Arti Kata "kerese pese" Menurut KBBI

Arti kata, ejaan, dan contoh penggunaan kata "kerese pese" menurut Kamus Besar Bahasa Indonesia (KBBI).

kerese pese

ke·re·se pe·se /kerésé-pésé/ v cak keleseh reseh

Bantuan Penjelasan Simbol
a Adjektiva, Merupakan Bentuk Kata Sifat
v Verba, Merupakan Bentuk Kata Kerja
n Merupakan Bentuk Kata benda
ki Merupakan Bentuk Kata kiasan
pron kata yang meliputi kata ganti, kata tunjuk, atau kata tanya
cak Bentuk kata percakapan (tidak baku)
ark Arkais, Bentuk kata yang tidak lazim digunakan
adv Adverbia, kata yang menjelaskan verba, adjektiva, adverbia lain
-- Pengganti kata "kerese pese"

📝 Contoh Penggunaan kata "kerese pese" dalam Kalimat

1.Dalam kesempatan formal, beliau berbicara dengan kerese pese dan mengajukan pertanyaan yang sangat mendalam.
2.kerese pese yang ada di kampung halamanku sangat jarang digunakan sekarang, karena banyak warga yang lebih suka menggunakan jalan alternatif.
3.Dalam sastra, kerese pese digambarkan sebagai jalan yang menawarkan keindahan alam yang luar biasa.
4.Dosen mengajarkan kepada mahasiswanya tentang pentingnya memelihara kerese pese sebagai salah satu sumber keindahan alam.
5.kerese pese yang ada di tengah kota ini sering menjadi tempat wisata favorit bagi warga lokal.
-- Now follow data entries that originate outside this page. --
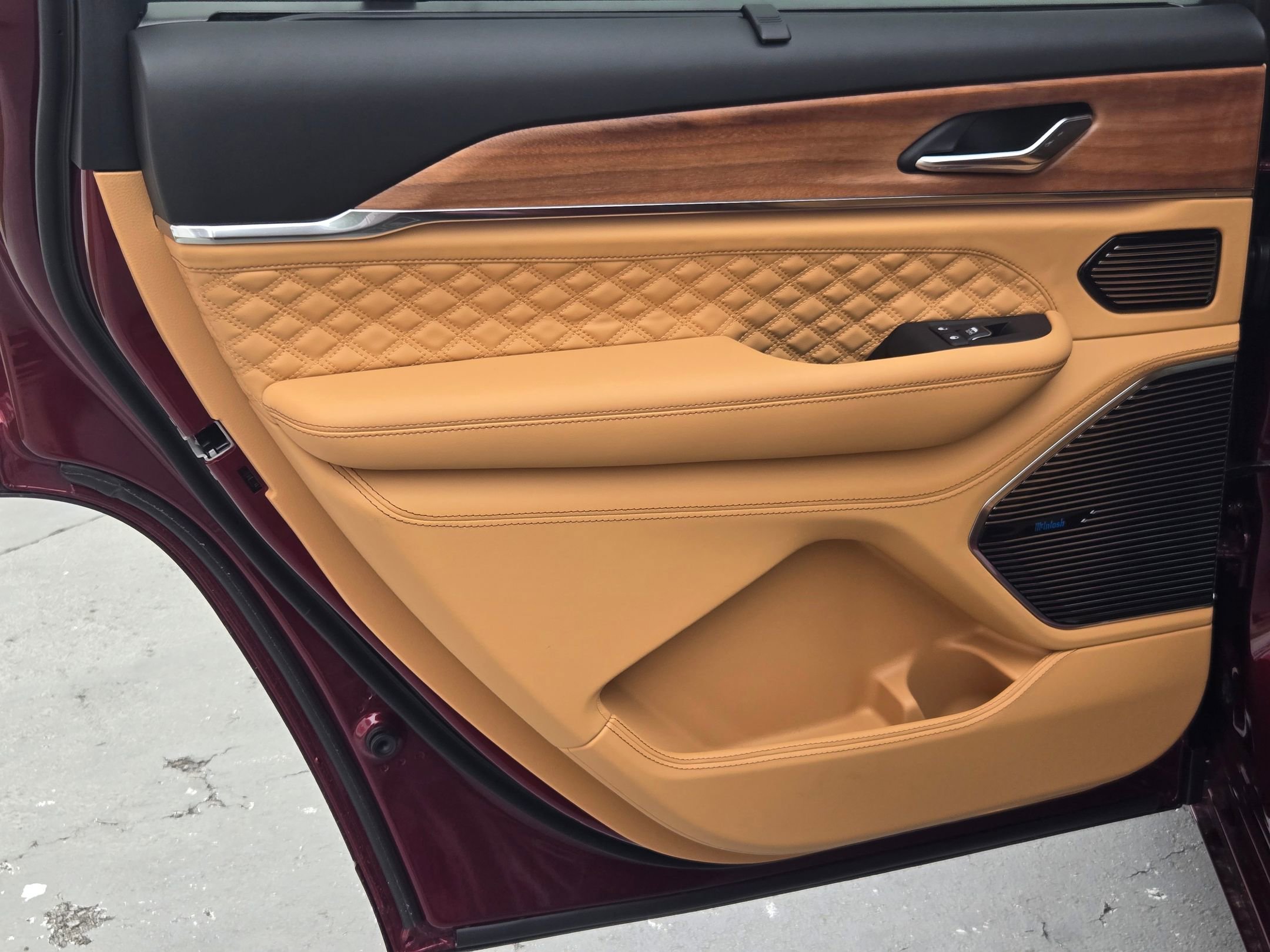 New 2026 Velvet Red Pearl-Coat Exterior Paint Jeep Summit image 32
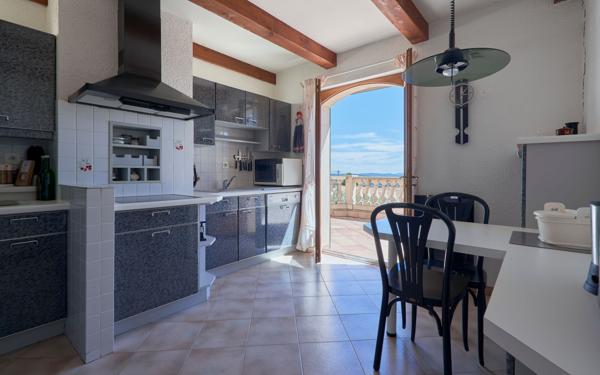 Maison à vendre    5 pièces • 155 m2 Manosque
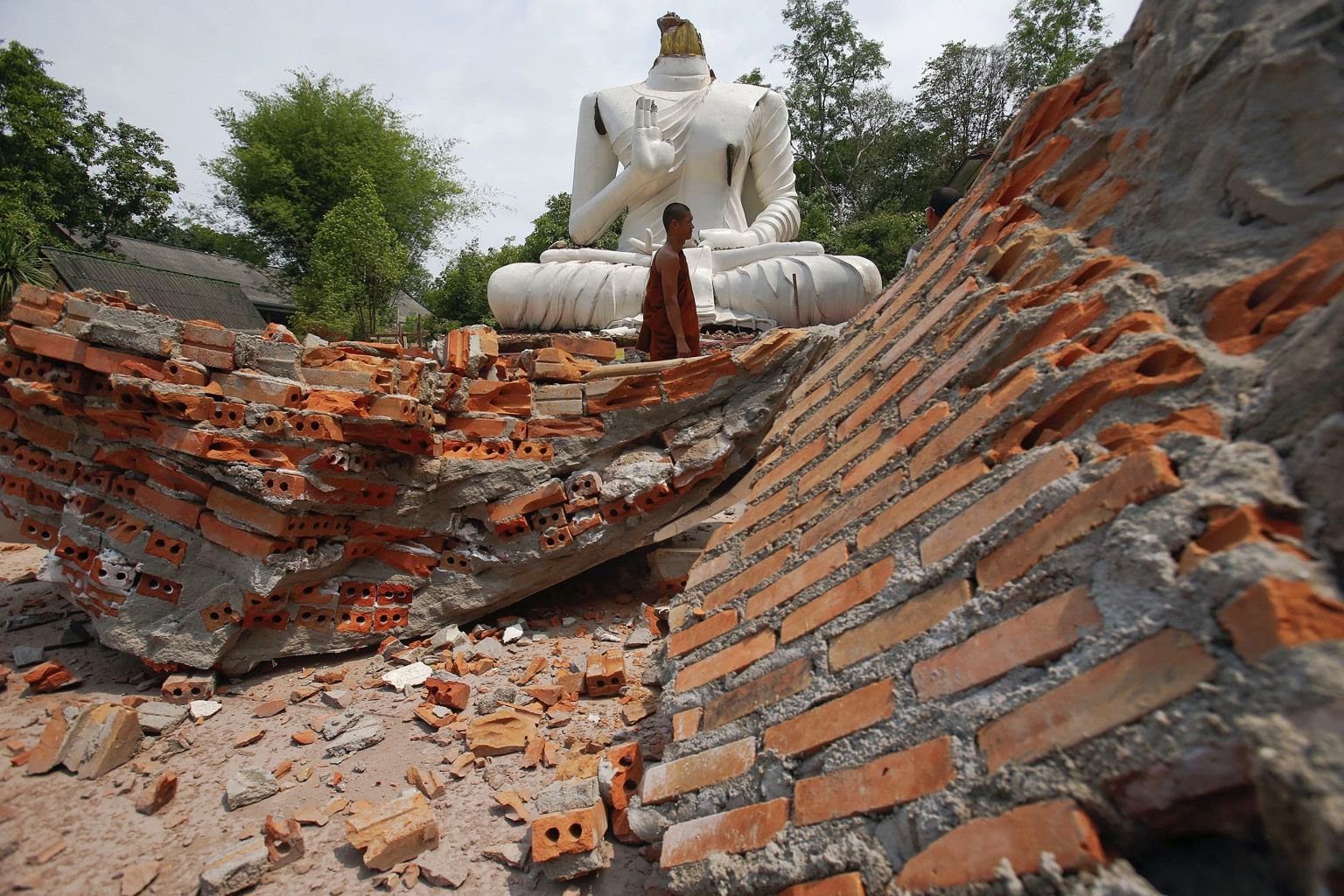 Землетрясение в тайланде новости. Землетрясение Тайланд 1999. Таиланд землетрясения. Землетрясение в Тайланде. Белый храм в Тайланде после землетрясения.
📚 Artikel terkait kata "kerese pese"

Mengenal Kata 'kerese pese' - Inspirasi dan Motivasi

Mengenal Kata "Kerese Pese" - Inspirasi dan Motivasi

Kata "kerese pese" seringkali tidak familiar bagi masyarakat Indonesia modern. Namun, di masa lalu, kata ini memiliki makna yang sangat spesifik dan memiliki konteks historis yang menarik. Secara umum, "kerese pese" dapat diterjemahkan sebagai "keleseh reseh", yang berarti merasa tidak nyaman atau tidak enak hati.

Asal Usul Kata "Kerese Pese"

Kata "kerese pese" berasal dari bahasa Jawa, yang merupakan bahasa yang digunakan oleh masyarakat Jawa dan beberapa daerah lainnya di Indonesia. Kata ini digunakan untuk menggambarkan perasaan yang tidak nyaman atau tidak enak hati, seperti merasa sedih, marah, atau tidak puas. Di masa lalu, kata ini seringkali digunakan dalam konteks sosial, seperti dalam peristiwa-peristiwa yang membuat masyarakat merasa tidak nyaman atau tidak enak hati.
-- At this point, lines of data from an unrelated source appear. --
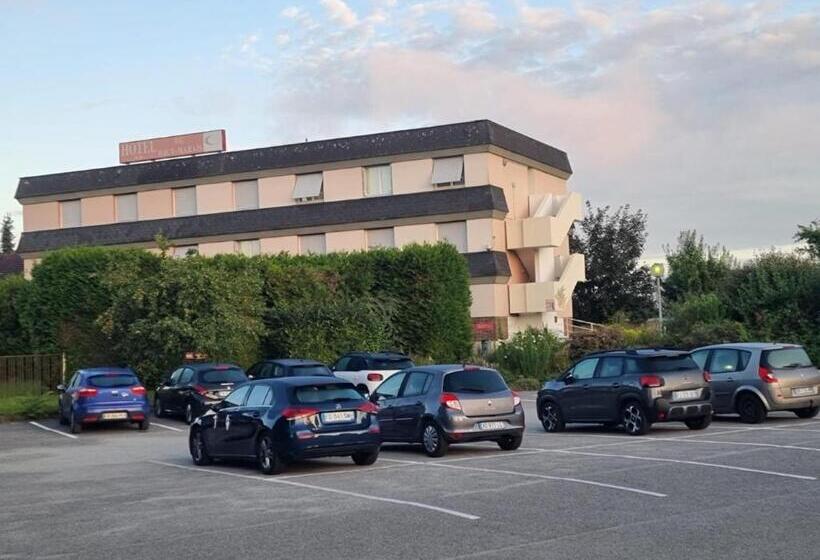 Отель Du Haut Marais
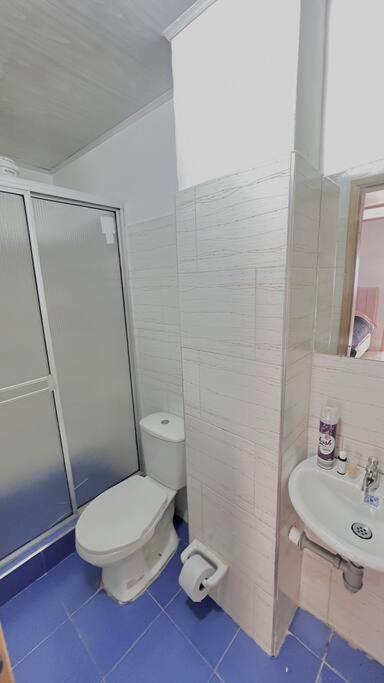 Apartamento corferias/embajada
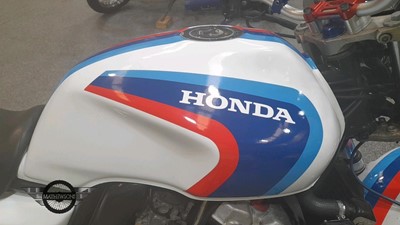 Lot 172 - 1996 HONDA CB400 SF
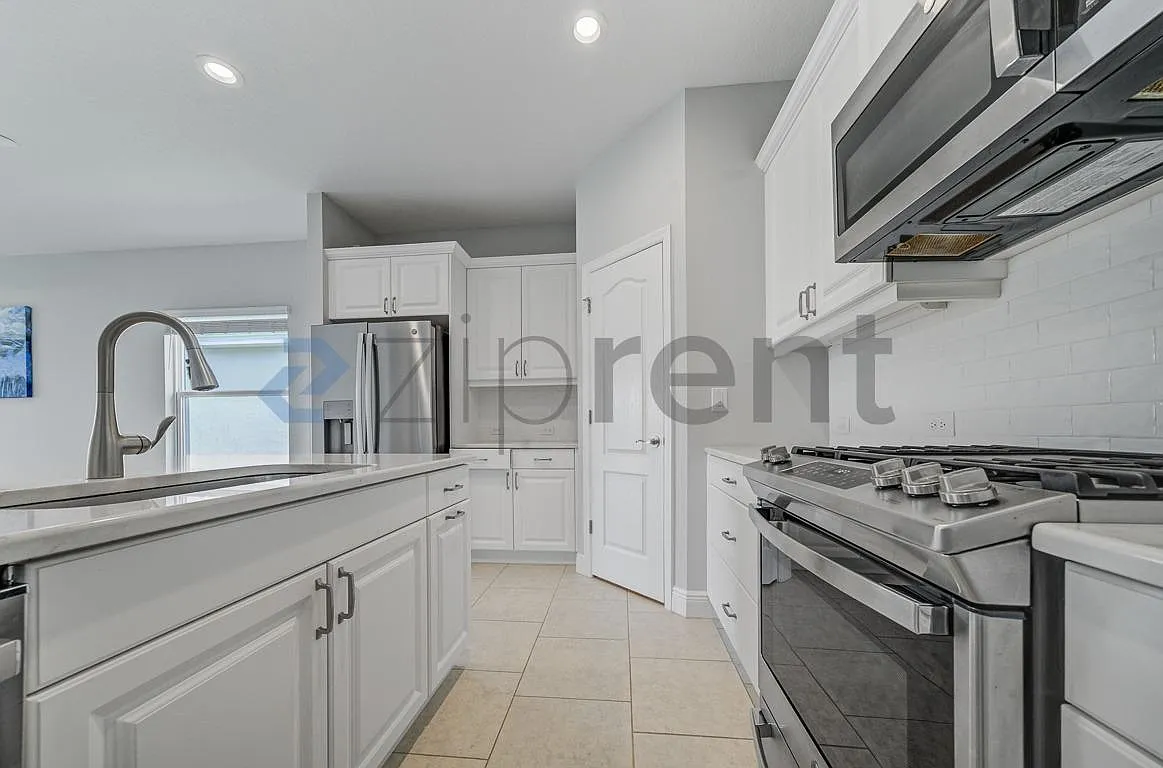 3 bed, 25159960 sqft, $2,500 — Photo 2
Contoh Penggunaan Kata "Kerese Pese"

Berikut beberapa contoh penggunaan kata "kerese pese" dalam kalimat yang alami: - Saya merasa kerese pese ketika mendengar berita tentang bencana alam yang terjadi di daerah lain. - Ibu merasa kerese pese karena putranya tidak pulang ke rumah pada waktu yang ditentukan. - Kami semua merasa kerese pese ketika mendengar berita tentang kejadian yang tidak terduga.

Relevansi Kata "Kerese Pese" dalam Kehidupan Sehari-Hari

Kata "kerese pese" masih memiliki relevansi dalam kehidupan sehari-hari, terutama dalam konteks emosi dan perasaan. Dalam budaya Indonesia modern, kata ini dapat digunakan untuk menggambarkan perasaan yang tidak nyaman atau tidak enak hati, seperti merasa sedih, marah, atau tidak puas. Dengan demikian, kata "kerese pese" masih memiliki nilai dan makna yang signifikan dalam bahasa Indonesia.